#### SUPPLIED INFORMATION
________________
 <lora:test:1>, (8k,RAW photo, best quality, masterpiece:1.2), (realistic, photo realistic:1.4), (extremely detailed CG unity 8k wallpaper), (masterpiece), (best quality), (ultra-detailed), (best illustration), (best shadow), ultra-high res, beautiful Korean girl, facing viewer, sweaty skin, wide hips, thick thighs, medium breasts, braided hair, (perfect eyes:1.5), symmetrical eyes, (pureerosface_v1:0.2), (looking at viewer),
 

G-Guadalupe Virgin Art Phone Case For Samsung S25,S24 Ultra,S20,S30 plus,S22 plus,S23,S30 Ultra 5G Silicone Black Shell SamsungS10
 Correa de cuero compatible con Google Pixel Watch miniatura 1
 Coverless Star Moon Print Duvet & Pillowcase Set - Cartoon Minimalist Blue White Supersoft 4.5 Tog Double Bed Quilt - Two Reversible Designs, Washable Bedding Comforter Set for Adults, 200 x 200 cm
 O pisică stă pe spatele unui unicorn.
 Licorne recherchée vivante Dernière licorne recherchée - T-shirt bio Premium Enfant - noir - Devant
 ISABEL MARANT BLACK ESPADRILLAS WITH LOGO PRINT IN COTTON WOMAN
________________
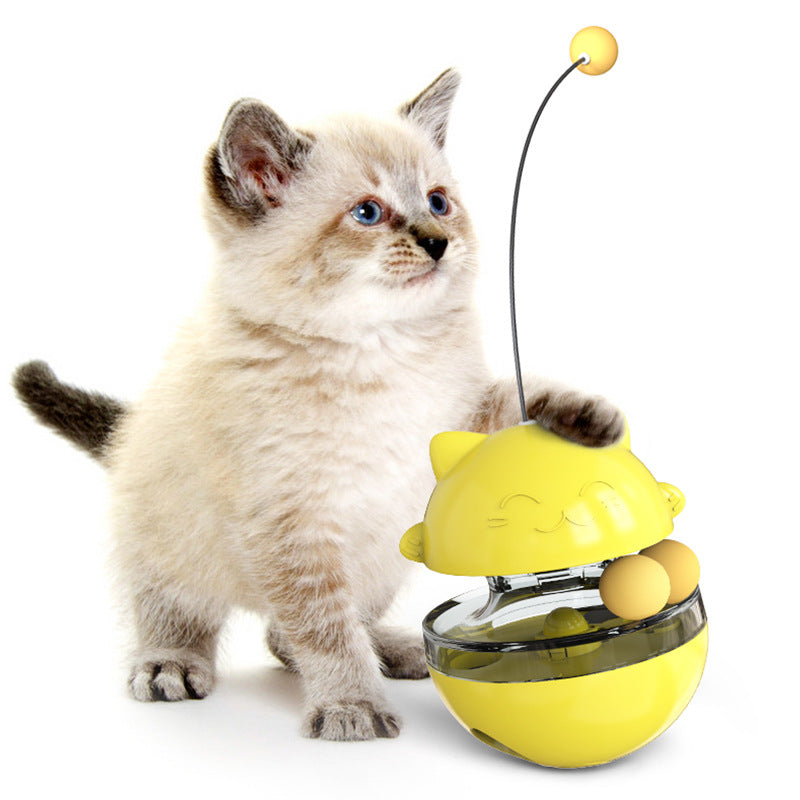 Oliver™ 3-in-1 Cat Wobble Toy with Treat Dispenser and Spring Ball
________________
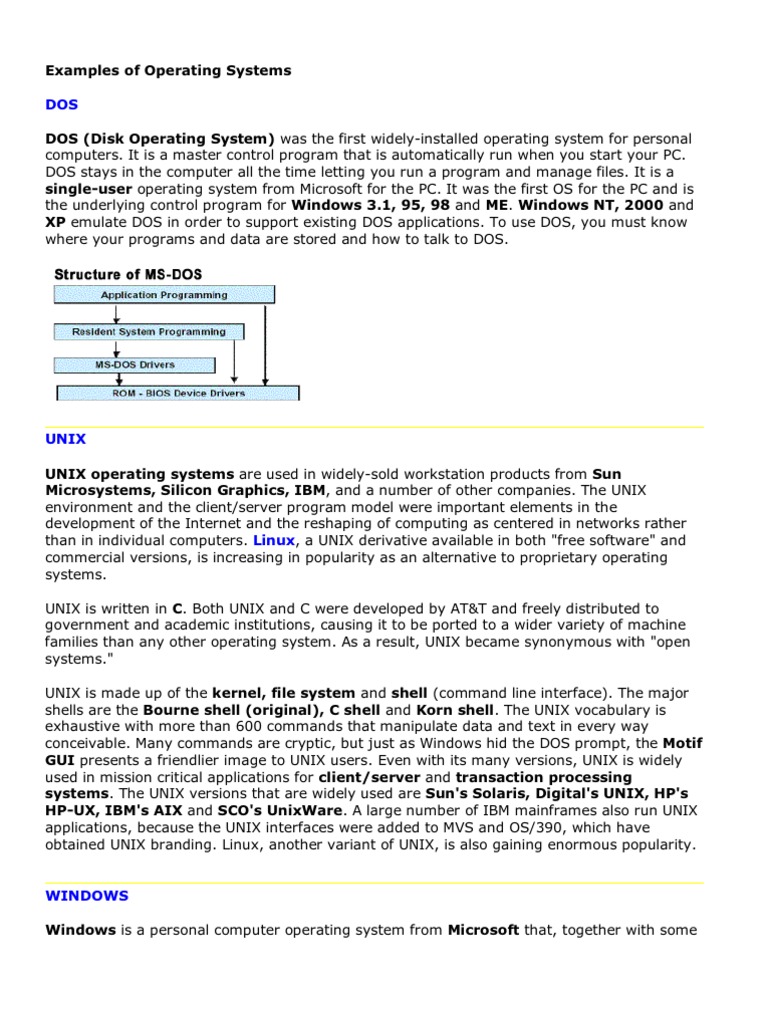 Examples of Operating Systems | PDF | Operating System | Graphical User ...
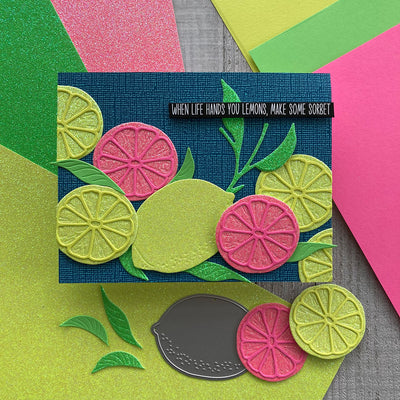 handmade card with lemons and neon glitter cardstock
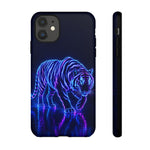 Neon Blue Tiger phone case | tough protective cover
________________
#### EXERCISE INSTRUCTIONS
Take the line above containing "<lora:test:1>, (8k,RAW photo, best", the line containing "Correa de cuero", and all lines in between, and copy them exactly without anything else.

#### REPLY TO THE EXERCISE
 <lora:test:1>, (8k,RAW photo, best quality, masterpiece:1.2), (realistic, photo realistic:1.4), (extremely detailed CG unity 8k wallpaper), (masterpiece), (best quality), (ultra-detailed), (best illustration), (best shadow), ultra-high res, beautiful Korean girl, facing viewer, sweaty skin, wide hips, thick thighs, medium breasts, braided hair, (perfect eyes:1.5), symmetrical eyes, (pureerosface_v1:0.2), (looking at viewer),
 

G-Guadalupe Virgin Art Phone Case For Samsung S25,S24 Ultra,S20,S30 plus,S22 plus,S23,S30 Ultra 5G Silicone Black Shell SamsungS10
 Correa de cuero compatible con Google Pixel Watch miniatura 1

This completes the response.